**Try it**. The pictures stay out. Please retype every line below exactly.

** Recorded information follows **

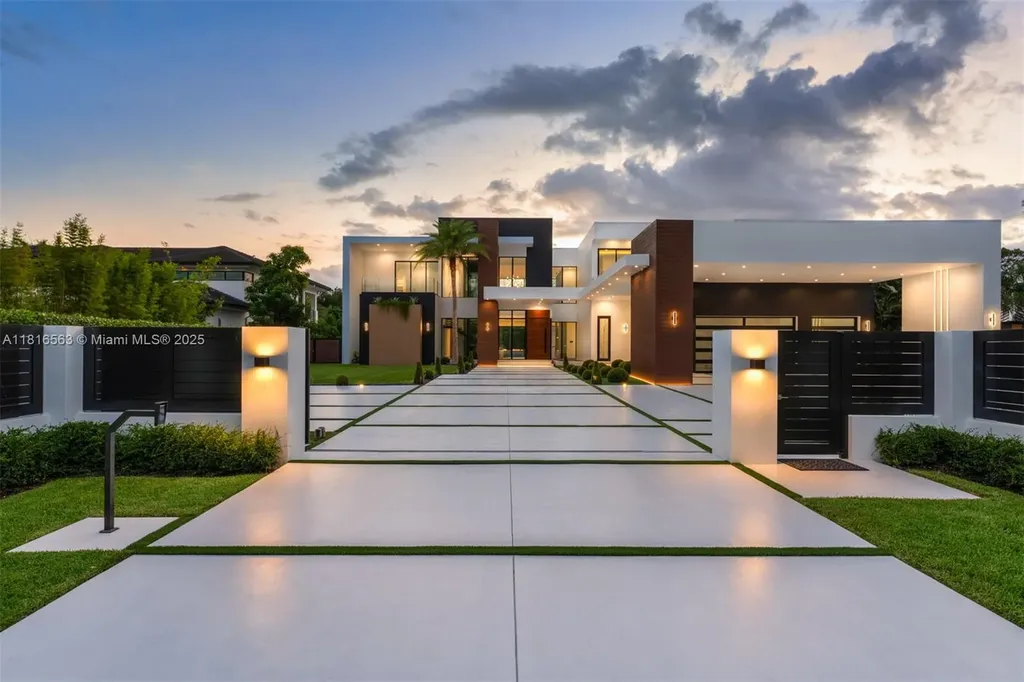 6900 SW 72nd Court Miami FL 33143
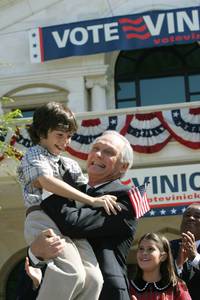 Кадр Западное крыло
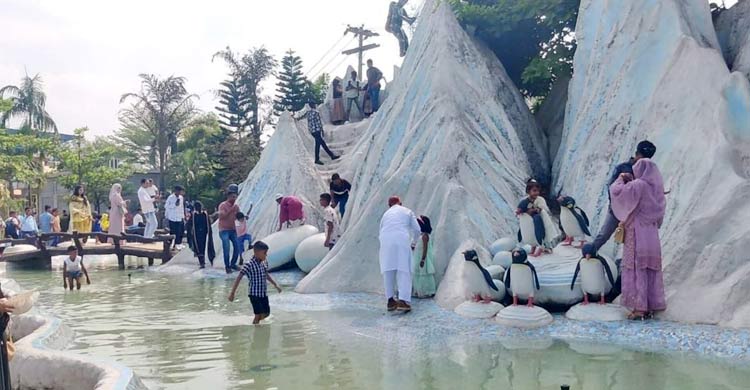 ড্রিম হলিডে পার্কে দর্শনার্থীদের উপচে পড়া ভিড়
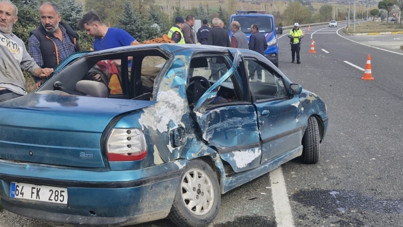 Uşak'ta otomobil ile tır çarpıştı: 1 yaralı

** End of Recorded information **

**Solution to this problem**.
 6900 SW 72nd Court Miami FL 33143
 Кадр Западное крыло
 ড্রিম হলিডে পার্কে দর্শনার্থীদের উপচে পড়া ভিড়
 Uşak'ta otomobil ile tır çarpıştı: 1 yaralı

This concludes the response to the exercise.